Book review: Shukla Sanyal, Revolutionary Pamphlets, Propaganda and Political Culture in Colonial Bengal. New Delh: Cambridge University Press, 2014


Aritra Chakraborti

We’re the best judges of the public interests. Therefore, just out of ordinary morality, we have to make sure that they don’t have an opportunity to act on the basis of their misjudgments. In what is nowadays called a totalitarian state, or a military state, it’s easy. You just hold a bludgeon over their heads, and if they get out of line you smash them over the head. But as society has become more free and democratic, you lose that capacity. Therefore, you have to turn to the techniques of propaganda. The logic is clear. Propaganda is to a democracy what the bludgeon is to totalitarian state. That’s wise and good because, again, the common interests elude the bewildered herd. They can’t figure them out.
-- Noam Chomsky, Media Control: the Spectacular Achievements of Propaganda (20-21)

In 1905, Lord Curzon, then Viceroy of India, tabled a proposal for dividing Bengal into two parts. While he maintained that this partition was necessary to ease administrative burden, it enraged the Bengali bhadraloks (middle and upper middle class gentlemen, educated bourgeois) who saw this as a body-blow to their political identity.[1]. The ensuing protest, known as the Bangabhanga Andolon [A protest to (stop) the partition of Bengal. Bangabhanga, literally, means “Partition of Bengal”] also provided the ground for the emergence of extremist politics in Bengal as well as other parts of India, superseding the dominance of moderate, diplomacy-based politics of the aging Congress leadership. The young political leaders advocated the employment of more violent measures against the ruling British, and their periodicals, newspapers and pamphlets became vehicles for these subversive ideas. The result was the outburst of an armed revolutionary movement (though the British officials referred to the revolutionaries as terrorists) which marked a decisive moment in India’s nationalist politics. For a brief period, the traditionally docile Bengali educated bhadraloks rattled the very foundations of the British Empire. In her new monograph, Revolutionary Pamphlets, Propaganda and Political Culture in Colonial Bengal, Shukla Sanyal provides a fairly comprehensive insight into this period of great political turmoil in Bengal. Sanyal uses hitherto unexplored material stored at the West Bengal State Archives, the Police Museum in Kolkata and, most importantly, the little known Smaraniya Bichar Sangrahashala (Museum of Memorable Cases), located on the premises of the Alipore Session’s Court in South-Western Kolkata. Sanyal’s book provides an extensive reading of the titular propaganda pamphlets as well as leaflets and other ephemeral print media written, printed and distributed by revolutionaries and revolutionary propagandists. She also delivers an insightful commentary on the political and social conditions which led to the emergence of this propaganda culture, its wider implications as well as how the British government responded to this new transformation of the largely obedient and cooperative Bengali middle class.
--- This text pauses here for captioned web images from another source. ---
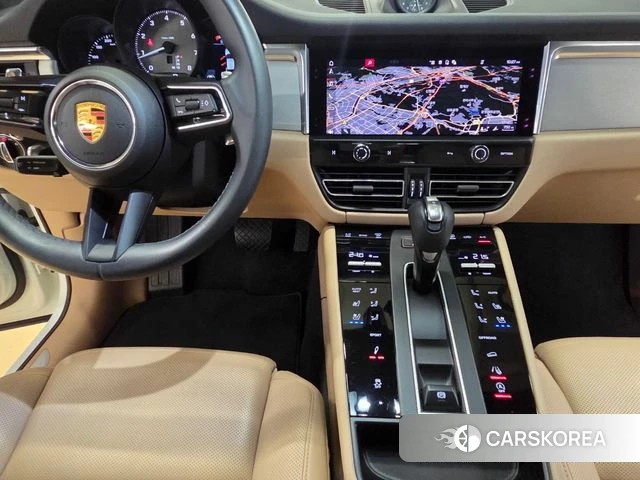 Porsche Macan id 4334060 из Кореи 19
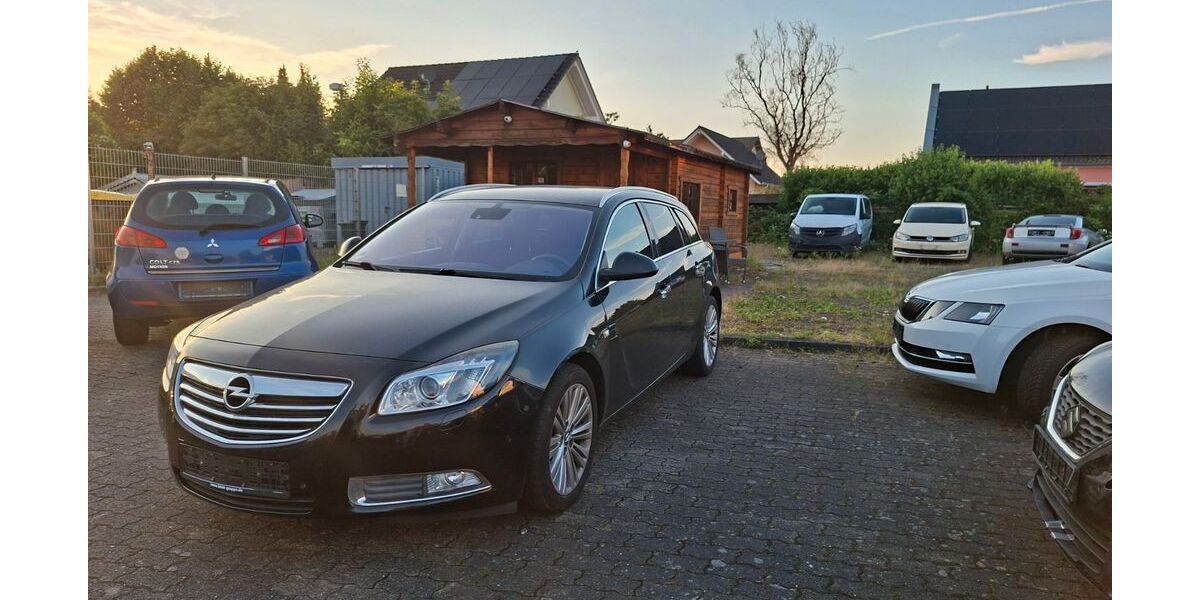 Opel Insignia 251.545 km 3.399 &euro; Gründau 63584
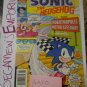 Sonic the Hedgehog - Issue # 13  - FN+ - [SEGA Comic Archie]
The history of censorship in colonial Bengal is a fairly complex domain. In nineteenth century the censoring machinery focused mostly on containing the perceived “obscene” elements within the low-brow vernacular literature and culture. In this pursuit, the colonizers were almost continuously aided by a vast majority of native intellectuals. Otherwise, the middle and upper middle class Bengalis were generally allowed to enjoy a free circulation of ideas. Though there were occasional conflicts, they were too few and far between. The native literati saw themselves as readers and writers of periodicals, newspapers or scholarly literature of the more “respectable” variety. Hence, even after the proposal for Bangabhanga shattered their faith in the moderate politics as well as the benevolence of the colonial regime, the extremist leaders initially conducted their propaganda campaigns through articles published in periodicals and newspapers. But this publication model had one handicap: the periodicals and newspapers had to come out regularly in order to hold onto their clientele, ensuring that they could be easily tracked by the intrusive colonial state. In her first chapter, Sanyal outlines how an underground culture of propaganda pamphlets grew out of the extremist newspapers and periodicals run by native intellectuals and political ideologues (Sanyal 35). Quoting extensively from Jugantar, Bandemataram (edited by the siblings Barindra Kumar and Aurobindo Ghose, respectively) Sandhya (edited by Brahmabandhab Upadhyay) and other such newspapers which regularly voiced a need to organize an armed insurrection, Sanyal describes how these papers soon buckled under the stringent censoring and oppressing machinery of the colonial administration. Once the newspapers and periodicals were shut down one after the other, the revolutionaries adopted ephemeral pamphlets and leaflets as the chosen vehicle for their propaganda.[2]. In this chapter, she demonstrates in meticulous details how the earliest propaganda pamphlets were published, and what impact they had on the impressionable youth of Bengal who were fed up with the political gridlock into which the moderates had thrust them into (45).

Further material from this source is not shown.